Asia’s projected positive but slower growth will be propelled by the regional twin engines of China and India. Both countries are expected to experience lower demand on weaker exports but should continue to be supported by strong private consumption.
Growth in China eased to 10.5 per cent (year-on-year) in the first half of 2008, 2.5 per cent slower than the same period last year, partly due to slackening exports. However, activity continued to be supported by steady investment growth and accelerating consumption. India is not immune from the global liquidity crunch. India is likely to register GDP growth of 7.9 per cent in 2008, which may slip to 6.9 per cent in 2009, compared to 9.3 per cent last year. Indian growth in the second quarter slipped to 7.9 per cent, having risen by 8.8 per cent in the preceding quarter, on the back of weakening investment while private consumption and export growth have held up well.
IMF projects that the ongoing financial turmoil will have minimal impact on India, which is still largely a closed economy. The relatively high 7 per cent growth forecast reflects India’s strong internal growth dynamics from rapid productive growth and from its process of integration into the global economy that is still continuing.
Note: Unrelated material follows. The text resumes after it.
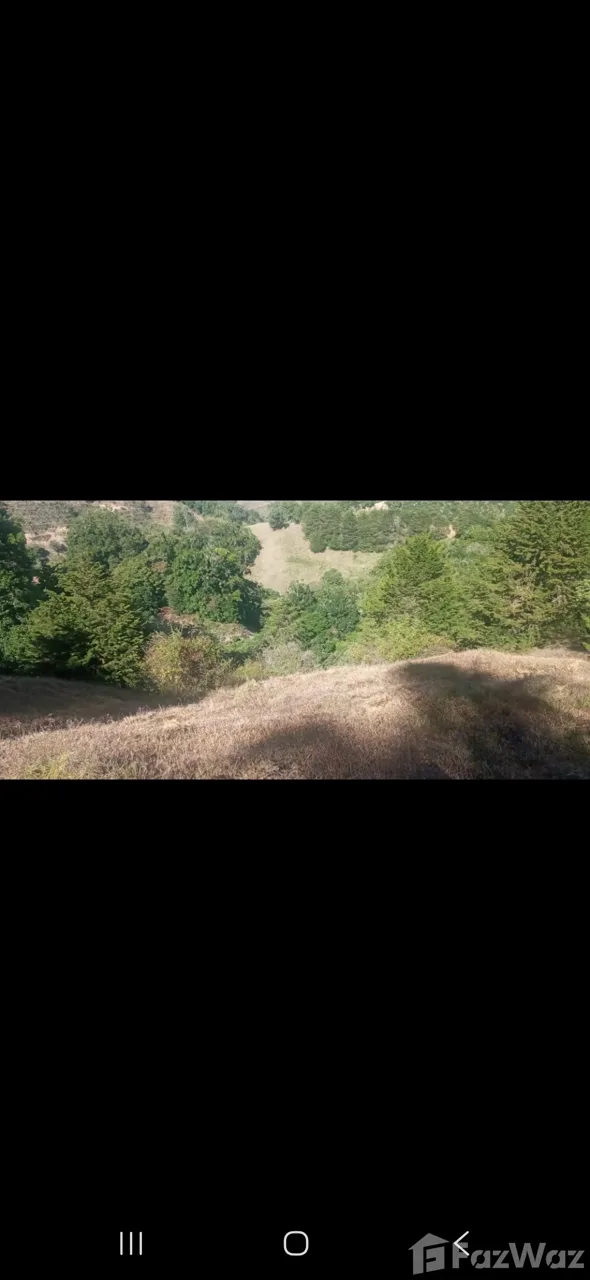 Land for Sale in Leon Cortes, San Jose for $132,000 — photo 5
Emerging Asia can anticipate more weakness ahead in response to slowing demand from advanced economies and growing strains in regional financial markets.
The two biggest newly industrialised economies, South Korea and Taiwan, will see growth moderate, with South Korea’s economy expanding 4.1 per cent this year and 3.5 per cent in 2009. Taiwan will see 3.8 per cent growth in 2008 and 2.5 per cent next year. In the newly industrialized Asian economies (NIEs) and the Association of Southeast Asian Nations (ASEAN) economies, activity has also been decelerating. Domestic demand has softened, as rising food and fuel prices have started to weigh on consumption, while declining profit margins and weakening demand have prompted firms to scale back their investment plans.
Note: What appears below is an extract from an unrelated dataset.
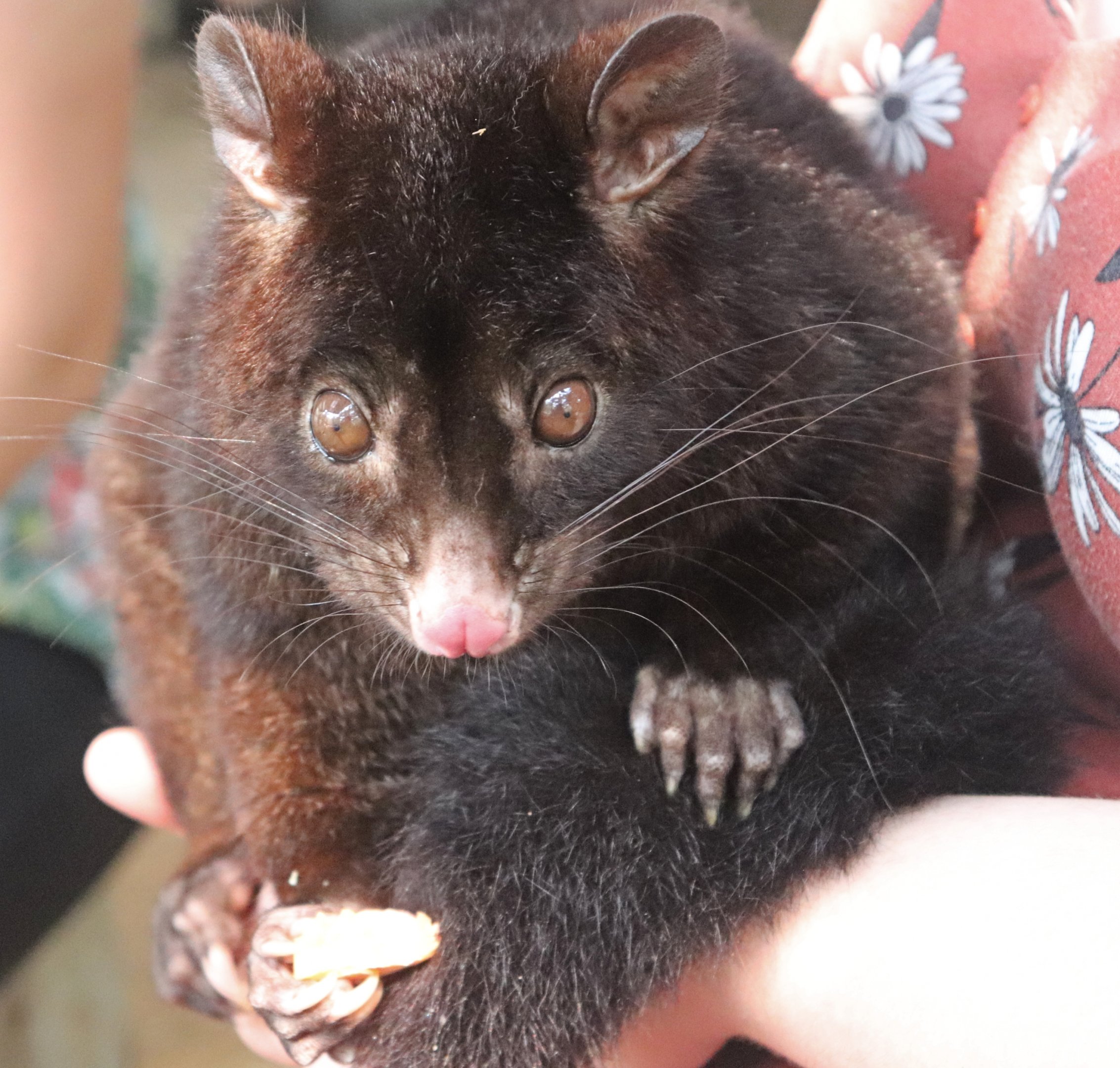 Short-eared Brushtail Possum (Trichosurus caninus)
Asia’s financial system is little affected by the US sub-prime mortgage problems that have triggered a global crisis. The impact on the financial sector in Asia is limited. Still, Asia’s economic growth will lose steam because of the slowdown in the US and Europe, which are main export markets for Asia.
The Asian Development Bank’s projection that overall growth rate in Asia would be 1.5-2.0 percentage points slower this year, but that is not necessarily a problem, as many Asian economies have “overheated.”
According to ADB’s latest outlook, Asia overall will continue to post robust growth, while slashing growth projections for the global economy and predicting that the United States would continue losing traction. But the growth among emerging Asian economies is forecast to moderate to 7.7 per cent in 2008 and 7.1 per cent in 2009, from 9.3 per cent in 2007. Weakening external demand is likely to weigh on exports, but, in some cases, the impact may be mitigated by still-loose macroeconomic policies and currency depreciation.
The Director General of the United Nation’s Conference on Trade and Development has warned the global downturn will continue into 2009. Economists at the UN’s Economic and Social Commission for Asia and the Pacific (UNESCAP) says Asia’s export sector, a key driver of most economies, will be hit by a downturn in the European and US economies. But a downturn will be eased somewhat by the strength in domestic consumption in Asia, with most governments holding substantial foreign exchange reserves.